Poi è successo che ho messo in loop i video di Repubblica che partono uno dietro l’altro, mentre facevo una traduzione, e mi è uscita la presentazione di questo film:
La trama mi faceva un po’ Acciaio di Silvia Avallone, forse per le due amiche nel quartiere disagiato, ma è tratto da un altro romanzo. Mi è dispiaciuto che il regista dovesse distribuirselo da solo, specie se considero i cartelloni cinematografici di sto Natale… Poi, la scena finale, in cui la piccola protagonista s’immerge nel mare e la musica aumenta. E mi spiace per gli indipendentisti sardi, che tra l’altro io più canto Nostra patria è il mondo intero e più mi ritrovo coi loro colleghi catalani, ma proprio mi ha fatto estate italiana. Oddio, al Villaggio Coppola non ho mai visto un mare così, ma so’ dettagli.

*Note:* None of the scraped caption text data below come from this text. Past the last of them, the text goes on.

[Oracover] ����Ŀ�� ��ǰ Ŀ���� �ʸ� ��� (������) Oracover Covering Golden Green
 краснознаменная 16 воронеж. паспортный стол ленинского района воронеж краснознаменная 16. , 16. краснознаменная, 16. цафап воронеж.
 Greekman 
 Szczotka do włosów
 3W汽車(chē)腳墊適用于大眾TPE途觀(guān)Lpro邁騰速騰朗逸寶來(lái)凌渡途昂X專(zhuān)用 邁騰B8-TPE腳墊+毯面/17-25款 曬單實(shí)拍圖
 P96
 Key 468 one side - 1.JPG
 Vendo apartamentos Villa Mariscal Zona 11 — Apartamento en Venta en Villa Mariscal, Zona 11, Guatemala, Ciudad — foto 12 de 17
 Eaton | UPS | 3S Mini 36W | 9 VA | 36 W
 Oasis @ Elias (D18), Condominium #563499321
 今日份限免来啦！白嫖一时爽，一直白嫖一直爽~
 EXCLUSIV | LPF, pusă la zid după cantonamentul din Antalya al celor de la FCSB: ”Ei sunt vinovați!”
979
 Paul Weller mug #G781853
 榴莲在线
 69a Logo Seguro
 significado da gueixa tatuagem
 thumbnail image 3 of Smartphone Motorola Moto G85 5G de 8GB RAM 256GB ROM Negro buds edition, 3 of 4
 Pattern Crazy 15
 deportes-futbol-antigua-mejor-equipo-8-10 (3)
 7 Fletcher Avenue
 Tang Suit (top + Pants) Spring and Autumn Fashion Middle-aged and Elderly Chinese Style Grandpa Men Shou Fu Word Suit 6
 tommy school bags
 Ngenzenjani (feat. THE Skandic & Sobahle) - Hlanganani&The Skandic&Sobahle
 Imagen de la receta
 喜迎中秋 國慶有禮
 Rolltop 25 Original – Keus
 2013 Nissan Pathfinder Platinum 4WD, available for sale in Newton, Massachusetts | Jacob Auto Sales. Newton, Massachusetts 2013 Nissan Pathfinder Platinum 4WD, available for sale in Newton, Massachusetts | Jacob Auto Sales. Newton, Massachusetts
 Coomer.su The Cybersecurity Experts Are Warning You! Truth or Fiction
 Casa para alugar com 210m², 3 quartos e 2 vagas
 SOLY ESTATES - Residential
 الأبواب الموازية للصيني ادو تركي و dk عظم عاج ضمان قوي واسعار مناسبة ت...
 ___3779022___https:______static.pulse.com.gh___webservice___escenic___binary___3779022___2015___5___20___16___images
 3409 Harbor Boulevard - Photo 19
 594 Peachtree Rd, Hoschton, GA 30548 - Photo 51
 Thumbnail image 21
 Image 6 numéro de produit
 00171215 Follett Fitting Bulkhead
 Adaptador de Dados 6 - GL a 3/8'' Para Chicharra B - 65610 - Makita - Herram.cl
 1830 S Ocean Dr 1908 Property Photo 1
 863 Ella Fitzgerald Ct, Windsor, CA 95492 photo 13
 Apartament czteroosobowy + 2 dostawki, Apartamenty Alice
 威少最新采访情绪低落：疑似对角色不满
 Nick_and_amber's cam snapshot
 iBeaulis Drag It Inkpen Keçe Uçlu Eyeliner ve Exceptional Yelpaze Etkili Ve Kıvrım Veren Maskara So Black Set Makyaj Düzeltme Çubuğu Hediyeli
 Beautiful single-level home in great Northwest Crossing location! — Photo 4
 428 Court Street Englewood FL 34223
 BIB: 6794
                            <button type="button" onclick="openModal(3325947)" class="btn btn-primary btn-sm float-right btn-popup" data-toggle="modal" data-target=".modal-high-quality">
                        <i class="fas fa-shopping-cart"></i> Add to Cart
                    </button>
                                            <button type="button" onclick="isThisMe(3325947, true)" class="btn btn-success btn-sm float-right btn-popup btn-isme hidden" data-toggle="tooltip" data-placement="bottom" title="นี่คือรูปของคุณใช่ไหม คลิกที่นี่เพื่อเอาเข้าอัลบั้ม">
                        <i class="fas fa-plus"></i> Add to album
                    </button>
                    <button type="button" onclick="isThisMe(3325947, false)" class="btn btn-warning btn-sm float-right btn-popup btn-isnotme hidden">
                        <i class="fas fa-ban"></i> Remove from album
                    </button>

E la canzone mi ha fatto tenerezza, la canta con Malika Ayane che se ricordo bene è pure la fidanzata (e mi fa ridere più delle imitatrici, giuro, sono malata?). Dice a una ragazzina che non bisogna aver paura dell’amore vero bla bla, lotterai, lotterai, perché sia vero. Solite cose, così facili da ricordare, così facili da dimenticare. E mi sono immaginata piccoli e adolescenti tutti i problemi adulti, specie l’adolescenza che non tramonta mai: le libertà che non vorresti, le cose di cui dopo un po’ in effetti ti rompi il cazzo.
E allora il poppettino nostrano è rassicurante, specie quando dice banalità che dovrebbero insegnarti prima.